They returned to Dylan's place, where they sat side-by-side at the computer as he typed in the credit card information Heather had picked up from the hotel. “What name did this guy give?”

“Brandon Wist.”

Dylan remembered that Tony had mentioned a Brandon. He Googled the name. “Look at this,” he said, pointing to the information that appeared on the screen. Dylan reached across his desk and picked up his phone. He dialed information and got the number for Technochondriacs in New Jersey. He waited while the number rang several times until it went to voice-mail.

“This is Dylan Johnson from Mantric. I met you several days ago and I need your help. I need to find Brandon Wist. I know you don't want to help me, but if you do, I'll return the favor ten times over. I have the contacts you need for your venture
and
I will also see to it that they help you. So how important is your future? I'm trying to find out who murdered my friend, Tony Caruso. The police are also working toward that end. So call me and let me know how much help you want to give me, or if I should just let the police contact you. You have my card.”

Dylan hung up and looked at Heather. “Guess we'll wait and see if we get an answer.”

“Are you really going to turn this information over to the police if you don't hear from them?” Her eyes flashed in a moment of panic.

“I haven't thought it out that far. Let's wait and see what happens. If I do, it will be anonymous.”

Chapter 20

May 11, 7:45 p.m. New Jersey

The drive to Westwood, New Jersey, took the better part of the day, and Dylan wondered if this wild goose chase would lead anywhere. But he was no fool, either. He knew it might be a dangerous exercise.

He sat in his car across the street from the little motel in Westwood, which proved to be like a million of its kind: salmon-colored, poorly lit, and close to the train station. The rain started at about seven. Dylan sat, watching room number four and waiting for any sign of activity.

At seven forty-five he saw the short, pudgy figure—wearing the same stone-washed jeans and brown tweed jacket he had worn at the funeral—hurrying through the rain, clutching a laptop case in one arm and a paper bag in the other. The man kept his head down. The rain and wind drowned out the surrounding noise, and he never noticed Dylan exit his car and sprint toward him. The man turned the key and slipped inside just as Dylan arrived and placed his hand on the door.

“Hey, Brandon.”

The man jumped and stumbled backwards. Recognition flooded his face. Dylan stepped inside and closed the door.

“You're hard to find.” The room was typical: twin beds with hideous orange bed covers, plain side-tables, and well-worn lamps. The musty smell of dirt and decaying food caught in Dylan's nose, and he coughed. He indicated a chair at a little table in the corner. “Why don't you have a seat?”

The man snorted and fell backward onto the chair, his laptop case on his lap.

Dylan stayed close to the door, not wanting to frighten the man. “I just want to talk—okay?”
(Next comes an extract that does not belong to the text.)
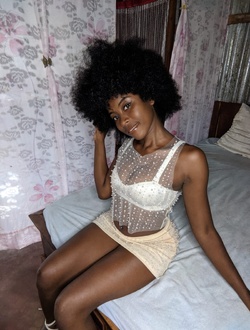 Profil de Wanyah, une femme célibataire de 24 ans à Antsiranana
“Yeah? Too bad I can't believe you. I know who you are.”

“You have no idea who I am. The issue is, were you really a friend of Tony's or not? If not, then fine. Shut up, run, or call the cops, and then I'll know. But if you were his friend, you'll talk to me because I was his friend too. All I'm trying to do is find out what he was working on when he died. To make sure he gets credit for his work and not somebody else. I want my friend to go down in history for his innovations.” Dylan wondered if Brandon would accept that excuse or not. He waited.

Brandon kept his eyes glued on Dylan. “Fine. Prove you were Tony's friend.”

“Jesus Christ! I went to MIT with him. He and I started our company together. MobiCelus!”

“Your card says Mantric.”

“We sold the company to them three months ago. Two effing minutes on the Internet will confirm it.”

“Oh.” Brandon shrank into himself. “Any other proof?”

Dylan had just about had it with this fat, unkempt little man. “Yeah, he grew up in Watertown and was just buried at Mount Auburn Cemetery. But you already know that. You were there.”

Brandon stared at him for a moment and then just nodded.

“My turn.” Dylan folded his arms. “How the hell didn't you know about MobiCelus being bought by Mantric? Aren't you a technology genius? Don't you do your homework?”

Brandon looked away uneasily. “I don't want to know what the suits do. And anyway, I only used encrypted texts to communicate with Tony. I don't—I have to take precautions.”

“Because Microsoft bought you out and burned you.”

“You heard about that?”

“Tony told me. Said you took a shitload of money and in return signed a release with Microsoft saying you would never hire on with another company as a developer.”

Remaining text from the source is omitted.